Come watch vintage Amstel Gold with us
Welcome back to week five of Classic Classics. This week’s race is Amstel Gold Race, and we’ll gather to watch it on Sunday, 19 April at 8 am Pacific time (that’s 11 am Eastern, 4pm CET).
The concept, as always, is a simple one: open this page just before the start time, click play at exactly 8am Pacific, and watch the race with us here or on Twitter using the hashtag #ClassicClassics
If you took a bowl of spaghetti and threw it at a road map of the Limburg area of the Netherlands, you would end up with something that looks a lot like the course for Amstel Gold Race. A typical Amstel Gold course has more twists and turns than the most overly plotted pulp fiction. The 1994 edition ran 250 kilometers from Heerlen to Maastricht and included 25 hellingen, the sharp, hellish climbs that give the race its distinctive character.
Relative to its neighbors on the calendar, Amstel Gold is a baby-faced newcomer. The oldest of cycling’s five monuments, Liège-Bastogne-Liège, dates from 1892. The first edition of Amstel Gold Race ran in 1966. It was a monster by modern standards at 302 kilometers. France’s Jean Stablinski won that first one, and just 30 riders finished out of 120 starters.
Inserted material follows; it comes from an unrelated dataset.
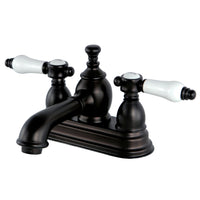 Thumbnail for Kingston Brass KS7005BPL 4 in. Centerset Bathroom Faucet, Oil Rubbed Bronze - BNGBath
The race gained in prominence when Eddy Merckx showed up and won in 1973, after finally finagling enough start money out of the organizers. Merckx won again in 1975.
If the course is notable for its u-turns, the race is a wildcard for outcomes, too. Both climbers and cobbles specialists have won it, and Amstel Gold occupies a transitional spot on the calendar. Wave farewell to the wind-scoured cobbled races. Look ahead to the longer climbs of Liège-Bastogne-Liège, and farther still to the high mountains of Italy and France.
The record for most victories at Amstel Gold belongs to Dutch rider Jan Raas, who won on five occasions. The son of a farmer, Raas won a world title, three of cycling’s five monuments — Milano-Sanremo, Ronde van Vlaanderen, and Paris-Roubaix — and ten stages of the Tour de France. Raas didn’t consider himself a climber, but he could grind through the hellingen at Amstel Gold, which gives you an idea of what this race is about.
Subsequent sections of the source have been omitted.